[Information supplied]
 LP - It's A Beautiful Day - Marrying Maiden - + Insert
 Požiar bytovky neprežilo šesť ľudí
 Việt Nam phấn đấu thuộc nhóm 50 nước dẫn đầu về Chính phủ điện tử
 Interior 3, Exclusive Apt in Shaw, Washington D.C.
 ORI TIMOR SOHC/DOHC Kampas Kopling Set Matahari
[/Information supplied]
[Information supplied]
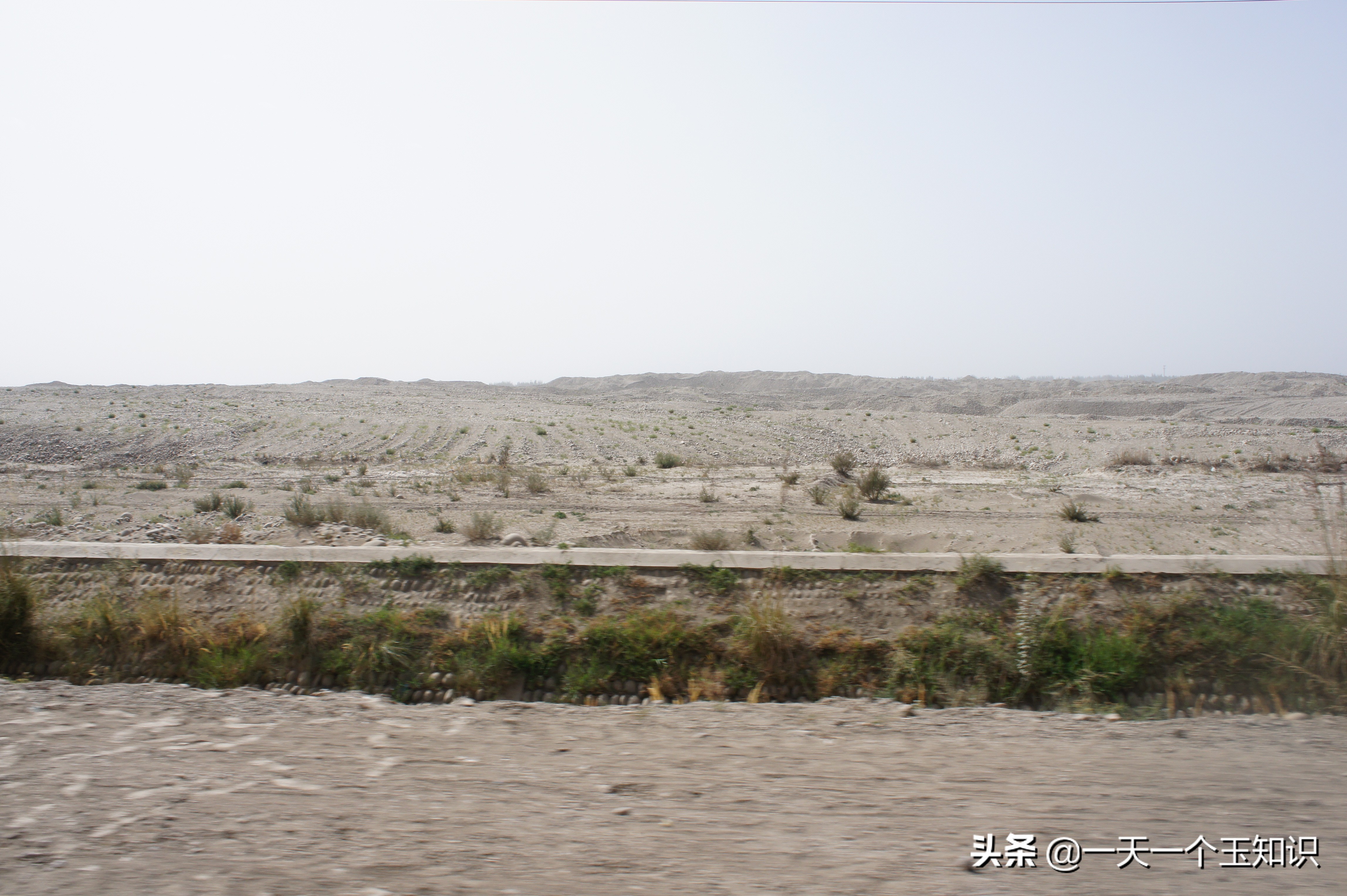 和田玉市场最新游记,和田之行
[/Information supplied]
In the material above, transcribe exactly the lines beginning at the one with "Požiar bytovky neprežilo šesť ľudí" and ending at the one with "ORI TIMOR SOHC/DOHC", both included.

 Požiar bytovky neprežilo šesť ľudí
 Việt Nam phấn đấu thuộc nhóm 50 nước dẫn đầu về Chính phủ điện tử
 Interior 3, Exclusive Apt in Shaw, Washington D.C.
 ORI TIMOR SOHC/DOHC Kampas Kopling Set Matahari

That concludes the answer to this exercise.